Michele Landolfi (1878-1959) was an Italian physician.

Chief Editor of the Italian journals “Folia Medica” and “Riforma Medica” and long time Professor of Medical Semiotics at the University of Naples. Landolfi was founder and first President of the Neapolitan section of Associazione Volontari Italiani del Sangue (AVIS)

Landolfi studied pulmonary tuberculosis and invented the phonacoscope (fonacoscopio) to aid in diagnosis. Best remembered for Landolfi sign in severe aortic regurgitation which he described in 1909


Biography
  • Born on March 3, 1878 in Airola, Italy
  • 1902 – Graduated medical school in Naples as a pupil of Leonard Bianchi (1848–1927), Pietro Francesco Castellino (1864–1933) and Antonio Cardarelli (1831–1927)
  • 1903 – Assistant to Domenico Capozzi (1829–1907) at the l’Ospedale degli Incurabili, Naples
  • 1904 – Lecturer at III Clinica medica di Gaetano Rummo
  • 1906 – Invented and patented the ‘fonacoscopio‘ for the diagnosis of pulmonary tuberculosis
  • 1919 – Ran for local government for the “Democratico sociale”
  • Professor of Semiotica Medica nell’Università di Napoli “Federico II”
  • Honors include: Commendatore della Corona d’Italia and Cavaliere dell’Ordine Mauriziano
  • Died on March 7, 1959 in Napoli

Medical Eponyms
Landolfi sign (1909)

Rapidly alternating systolic constriction and diastolic dilation of the pupil occurring in severe aortic regurgitation. Believed to be an exaggeration of the physiologic circulatory hippus in the iridal vessels due to high pulse pressure and large stroke volume

Pupillary hippus is the spasmodic, cyclical and bilaterally in-phase fluctuations in pupil size in the absence of external influences such as luminance, mood and fixation. Its mechanism remains unclear but is hypothesised to be due to the continuous neurologic antagonism of the SNS and PSNS as well as respiratory and cardiac activity.

Landolfi examined twenty-four patients with grave aortic insufficiency, and found in one circulatory hippus.

…rhythmic movement of narrowing and dilatation of the pupil independent of the will of the patient and the ambient lighting….because the changes of the iris were synchronous to the movements of the heart, narrowing of the pupil corresponded to ventricular systole and dilatation to diastole.

The phenomenon was accentuated by keeping the subject standing, administering foxglove [digitalis], running, or compressing the femoral or abdominal aorta. In contrast, it became less obvious when the patient was lying down, kept at prolonged rest, or when he took bromides or inhaled nitrite.

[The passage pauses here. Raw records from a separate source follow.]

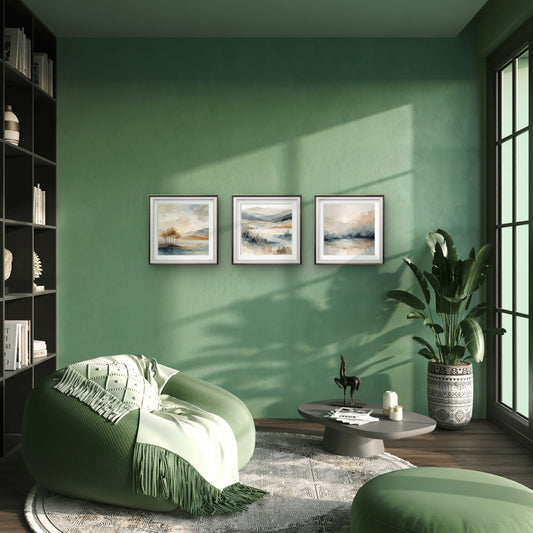 Soft Horizon – Minimalist Wall Art Set of 3 - Byeutifull Art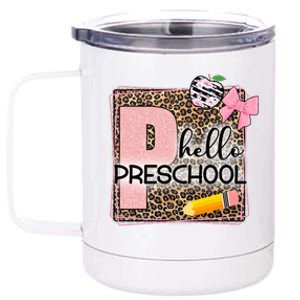 Cute Hello Pre School Teachers Students 12 oz Stainless Steel Tumbler Cup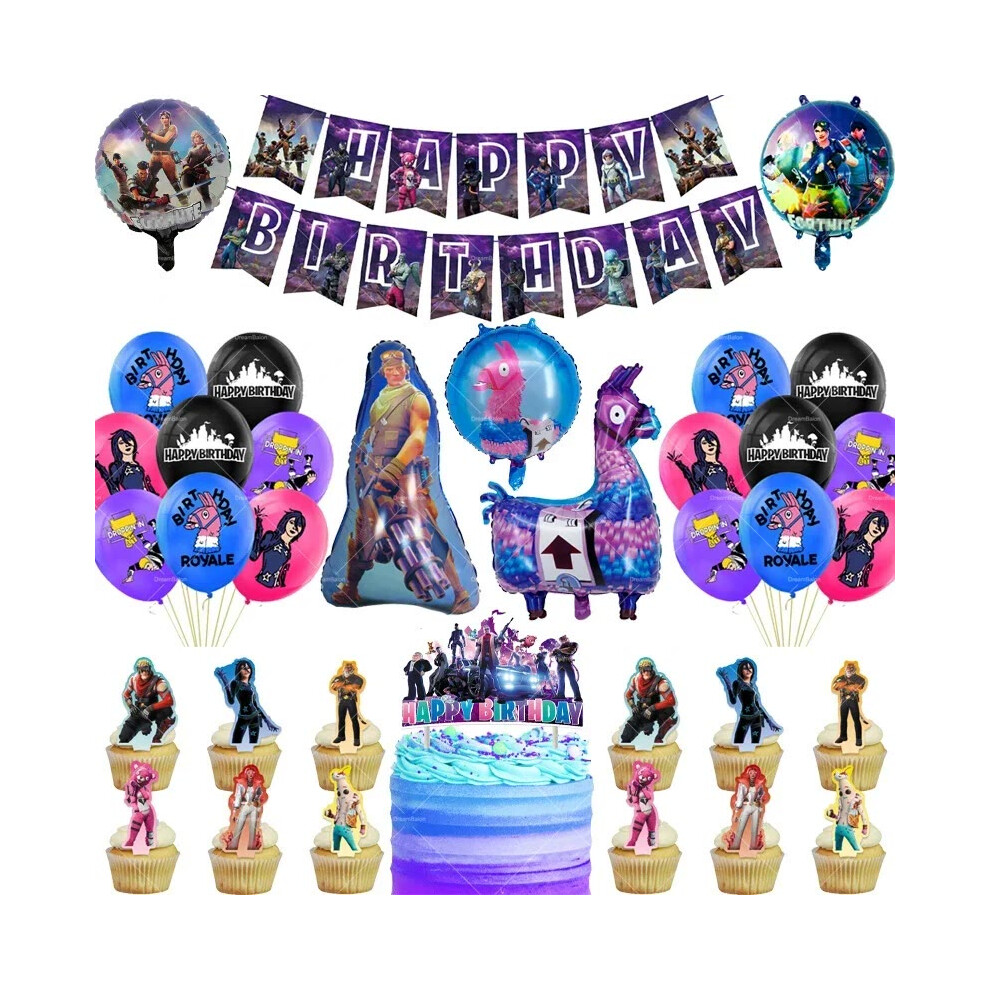 (1set-1, Other) Fortnite Balloons Happy Birthday Banner Party Decoration Alpaca Llama Disposable Tableware Shooting Game Ballons Cake Topper To
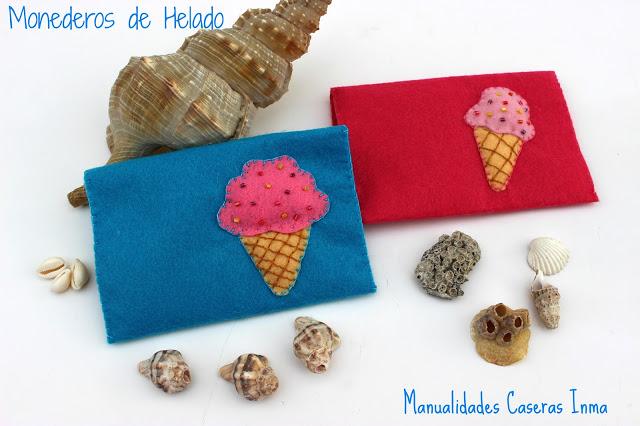 Manualidades Caseras Faciles Inma Monederos de helados rosa y azul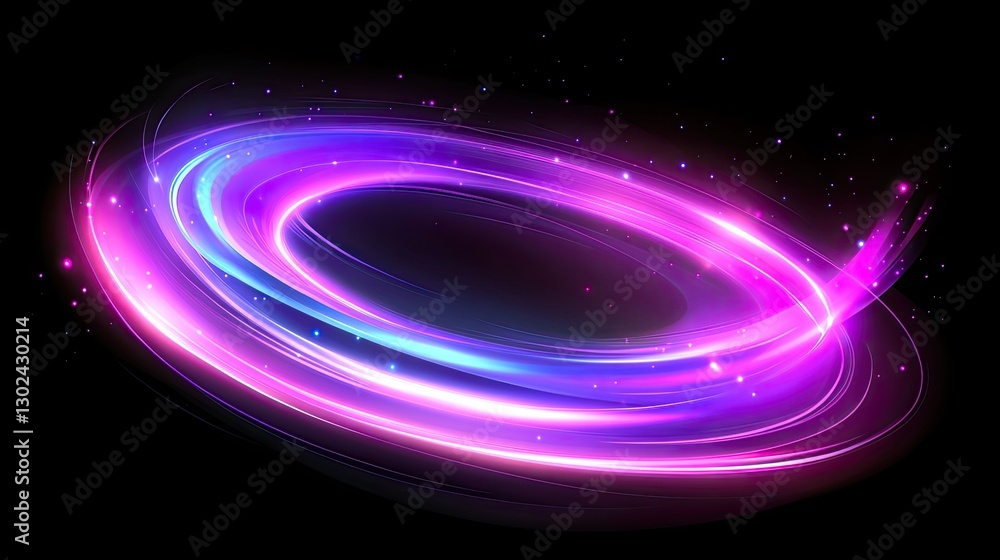 Poster a d rotating abstract form glowing in bright colors, creating light trails with empty space around i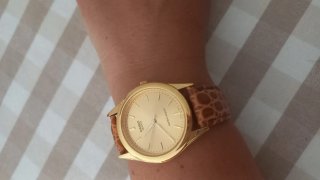 Reloj Casio Dorado Correa Marrón Pila no incluida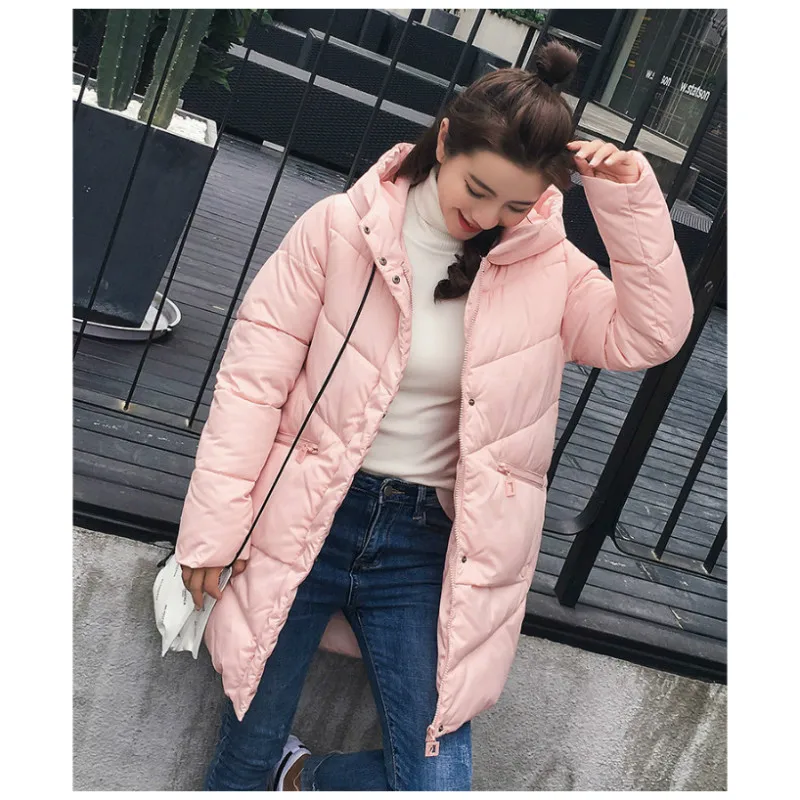 Pink Женские пальто с капюшоном, утепленный женский пуховик на молнии, женская одежда для беременных, зимние куртки для беременных, длинная верхняя одежда, большие размеры - Цвет: Pink
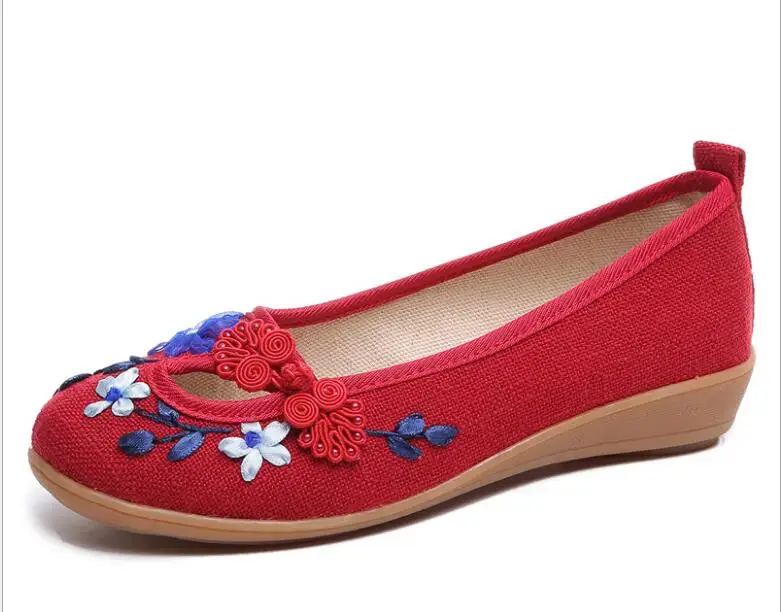 

Women's Flat Shoes Ballet Shoes Breathable Knit Round head Shoes Embroidery vintage Mixed Color Women's Soft Shoes Women Large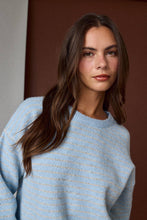 Load image into Gallery viewer, Striped Brushed Crewneck Sweater - Blue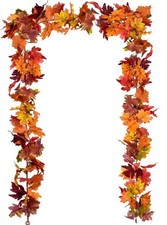 2 Pack Fall Maple Leaf Garland 5.9FT Artificial Autumn Foliage Decor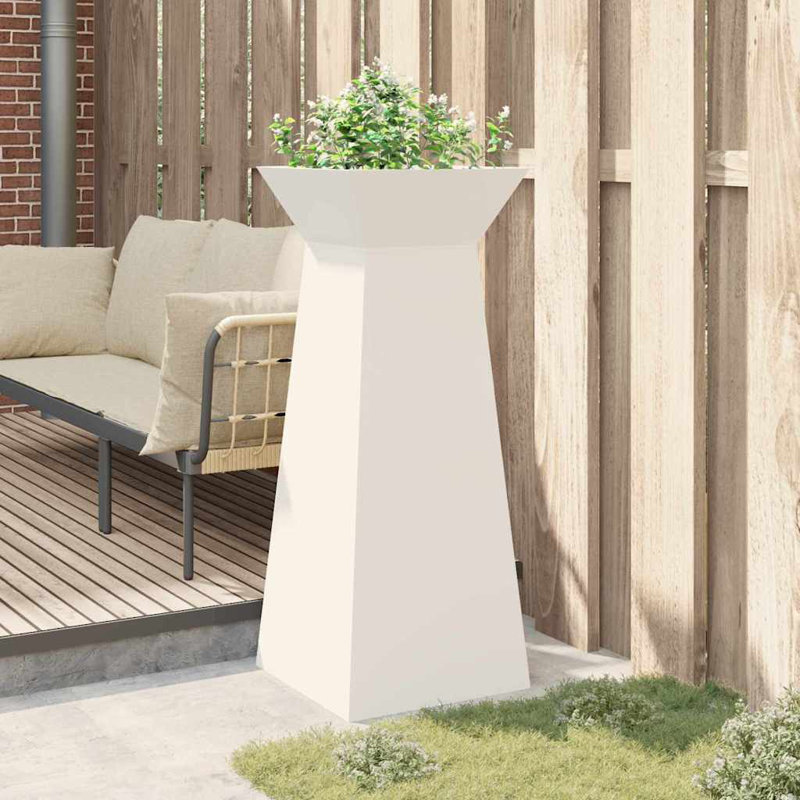 Pillar Planter Steel, 100cmH x 40cmW x 40cmD, White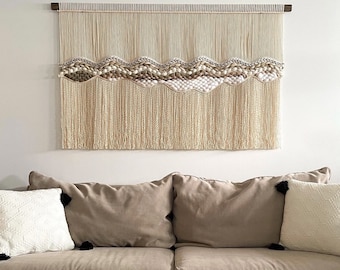 Hope Woven Macrame Wall Hanging, Boho Fiber Art Tapestry, Macrame headboard, Large Woven wallhanging, Farmhouse Art Decor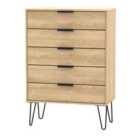 Ready Assembled Hirato 5 Drawer Chest - Nabraska Oak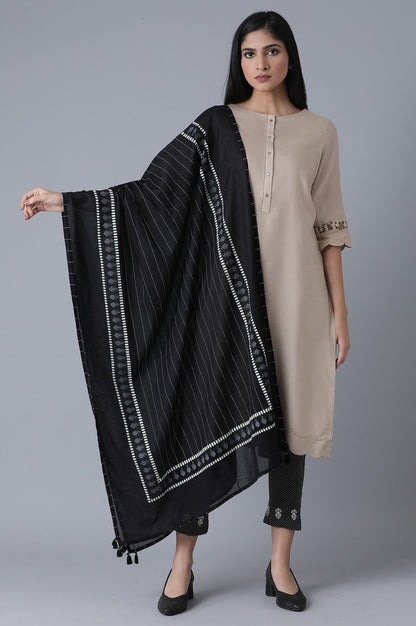 Jet Black Printed Drape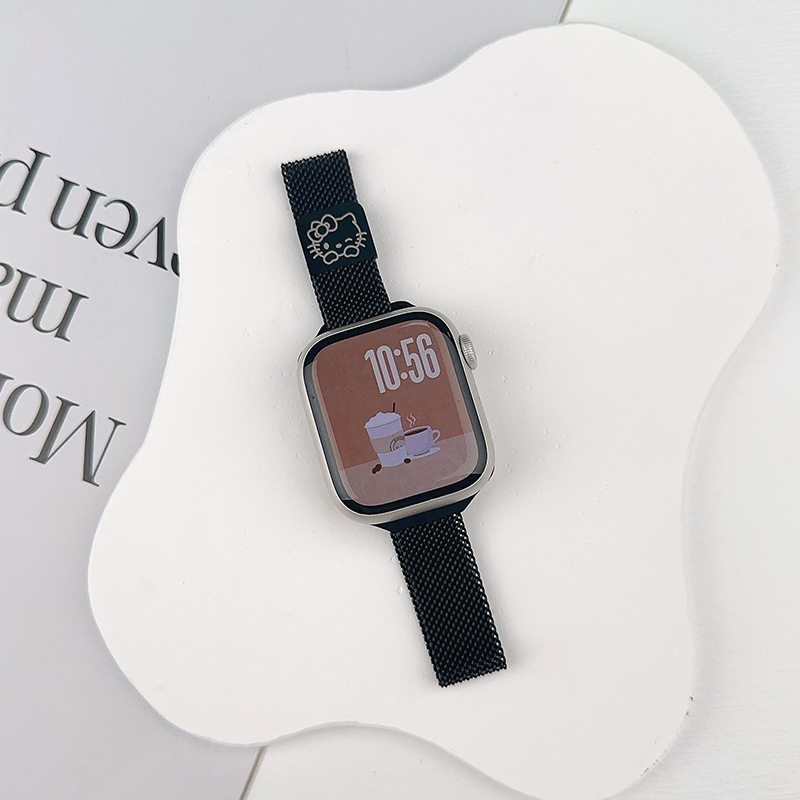 Suitable for Applewatch Apple Watch S10 Strap Milanese Kitty Metal Magnetic Strap Thin Women's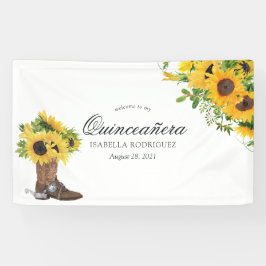 Waterverf Sunflower Rustic Western Quinceañera Spandoek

The pathological cardiovascular hippus, that is the rhythmic hippus that is synchronous with movements of the heart and very accentuated manifest during systole only in pure well compensated aortic insufficiency. The sign when it exists is therefore pathognomonic of this affection, but its absence has no meaning.

Landolfi 1909

The patient suffered from arteriosclerosis with aortic insufficiency and hypertrophy of the left ventricle. A rapid alternate contraction and dilatation of pupil was observed. He was also able to produce this sign in three other patients after giving fifteen drops of tincture of digitalis a day for four days. He also observed the circulatory hippus in a dog with experimental aortic insufficiency after the administration of heart stimulants.

New York Medical Journal 1909

Clinical Examples
Case 1

Rapid alternate constriction and dilation of the left pupil occurring synchronously with heartbeat [Saini et al. Am J Med. 2017]

Landolfi sign: Saini et al. Am J Med. 2017

Case 2

A 73-year-old man with severe aortic regurgitation. Ocular exam revealed pupil dilation and constriction synchronized with his heartbeat. [N Engl J Med 2019; 381:e29]

Landolfi’s sign NEJM 2019

Case 3

Landolfi sign in a 45 yo female patient with aortic regurgitation admitted for native aortic valve endocarditis

Landolfi sign

Key Medical Attributions
Phonacoscopy (fonacoscopio)

While studying pulmonary tuberculosis, Landolfi and Ranieri Papale described a new method of combined auscultation and percussion. They went on to develop the phonacoscope for the diagnosis of disease which he patented and marketed with Carlo Erba in Milan.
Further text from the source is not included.